Aucun groupe n’a revendiqué cette action. Par téléphone, une personne se décrivant comme "un des activistes présents sur place" a dit à l’AFP que l’action avait été menée par "des personnes qui se sont organisées et viennent d’un peu partout". Plusieurs sites du cimentier avaient déjà été visés auparavant en France et en Suisse. En juin 2021 notamment, des actions d’occupation avaient été menées sur trois sites Lafarge-Holcim sur le port de Gennevilliers, en région parisienne.

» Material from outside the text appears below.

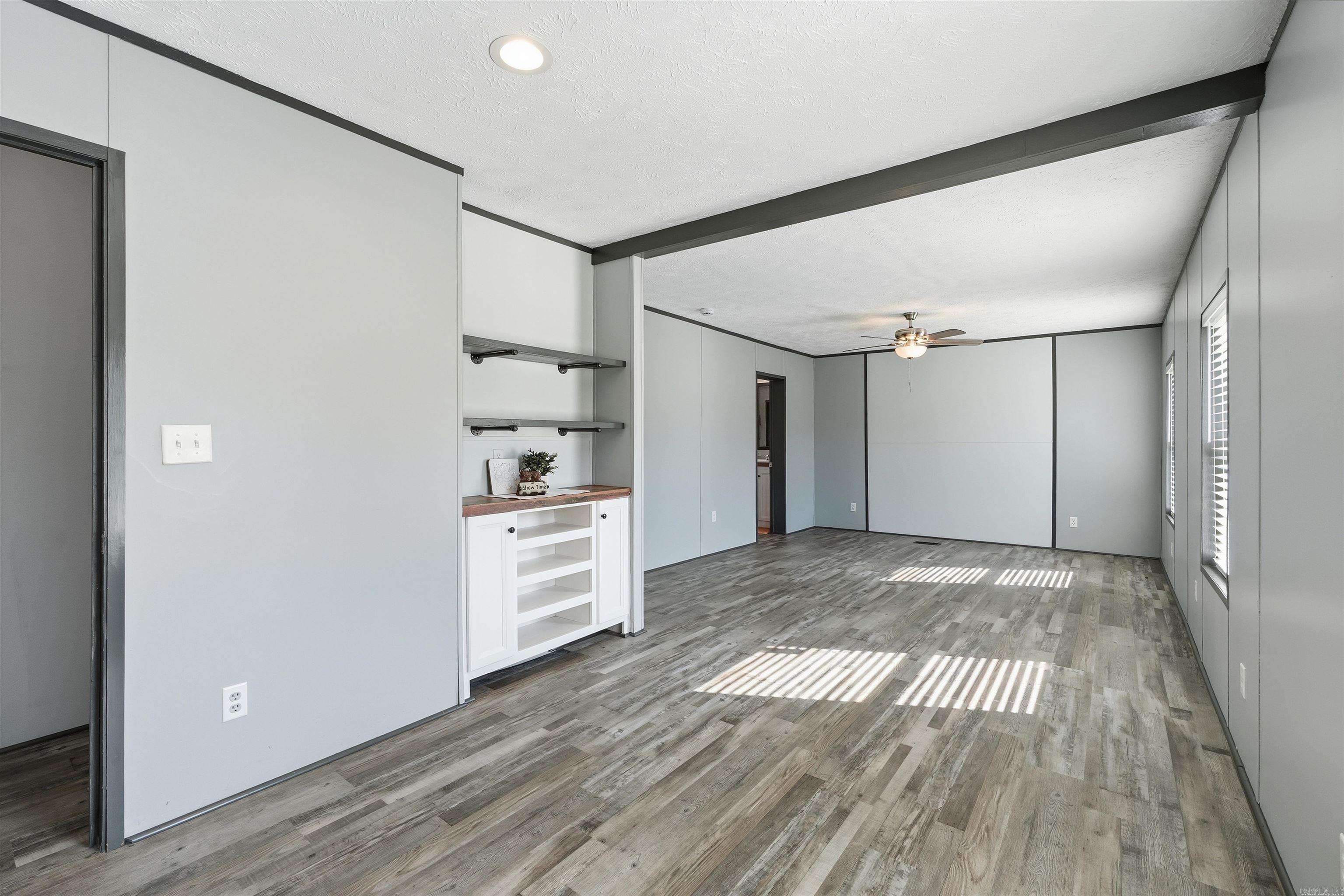 River Trail - Residential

Là aussi, des câbles avaient été sectionnées, des machines bétonnées, des engins ensablés, et le terminal cimentier ainsi que l’entrée d’un des sites avaient été bloqués.

Les militants pointent les émissions du secteur du BTP, responsable de 39% des émissions de CO2 au niveau mondial, et dénoncent le greenwashing de l’entreprise. "Sur les 50 sites les plus polluants de France, 20 sont des cimenteries dont cette usine qui produit plus de 444 464 tonnes de CO2 par an et alimente ses fours de milliers de vieux pneus et toutes sortes de déchets toxiques", écrivent les auteurs de l’action contre le site de la Malle. Pourtant, cette usine est justement "l’une des plus avancées dans la production des ciments bas carbone", rétorque le groupe, engagé depuis 25 ans dans la valorisation énergétique de pneus.

Le retour des actions directes

Elle produit chaque année près de 600 000 tonnes de "ciment bas carbone" et alimente la filière locale du BTP en permettant la réalisation d’infrastructures majeures, telles que le MuCEM ou encore l’Arena d’Aix-en-Provence. Environ 10 millions d’euros y ont été investis au cours des deux dernières années pour l’amélioration de son empreinte environnementale. Un nouveau dispositif de filtration a été mis en place afin de réduire les émissions de poussières et les rejets de dioxyde de soufre (S02) et l’usine est passée à la biomasse pour réduire la consommation d’énergies fossiles dans la fabrication de ses ciments. "Au-delà de notre usine, c’est la démarche de progrès de toute l'industrie qui est fragilisée par ces actions", commente François Petry, directeur général de Lafarge.

Les activistes rappellent également la mise en cause de Lafarge dans le financement de l'État Islamique en Syrie. Le groupe, qui a plaidé coupable et accepté de payer 778 millions de dollars aux États-Unis, est toujours mis en examen en France pour complicité de crimes de guerre contre l’humanité. Ils promettent d’autres actions de ce type. Alors que l’activisme d'interpellation, qui prévalait jusqu’alors, est déjà fortement critiqué et réprimandé, certains n’hésitant pas à parler d’écoterrorisme, cette escalade ne va-t-elle finalement pas desservir la cause ? "Face à l’urgence climatique, nous n’avons plus le temps d’attendre et donc certains se voient obligés d’agir par eux-mêmes. Ces actions directes, inspirées de la tradition anarchiste, visent à protéger directement ce qui doit l’être", analysait sur Novethic Manuel Cervera-Marzal, sociologue spécialiste des mouvements sociaux.